Muzyka może mieć charakter terapeutyczny. Muzyka może nas uspakajać, może wpływać na nasze samopoczucie, może wywoływać w nas określone emocje-sprawiać, że jesteśmy zaangażowani w to czego słuchamy. Zaczynamy zagłębiać się w treść tekstu, w jego genezę oraz znaczenie.
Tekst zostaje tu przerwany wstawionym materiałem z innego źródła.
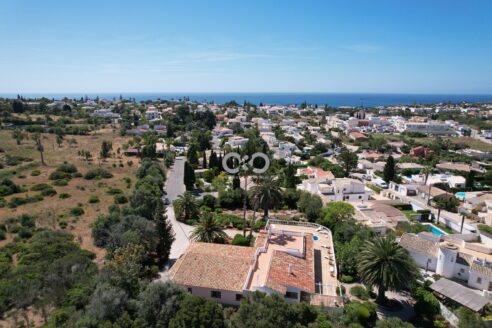 Exclusive T4 –  Single Storey Villa -Praia da Luz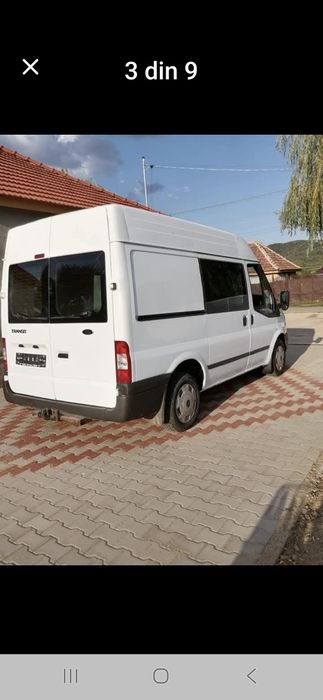 Vand ford transit 2200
Kluczem w zrozumieniu sensu muzyki jest odnalezienie w niej siebie. Odnalezienie swojego stylu i dzięki temu pozyskanie umiejętności utożsamienia się z nim. W momencie, gdy odsłuchiwana przez nas muzyka nie wpasowuje się w żadnym stopniu w nasze oczekiwania i co ważniejsze w nasz własny gust muzyczny stajemy się biernymi słuchaczami. Słuchamy tej muzyki, ponieważ na przykład dany utwór odtwarzany jest właśnie w radiu a my akurat jesteśmy na przykład w drodze do pracy i chcemy, aby jakaś melodia czyniła ten okres podróży chociażby samochodem znacznie przyjemniejszym oraz sprawniejszym. Natomiast w przypadku sytuacji, gdy dany utwór reprezentuje gatunek, który idealnie oddaje nasz bardziej sprecyzowany już gust muzyczny wtedy siłą rzeczy z roli biernego słuchacza przyjmujemy rolę słuchacza czynnego.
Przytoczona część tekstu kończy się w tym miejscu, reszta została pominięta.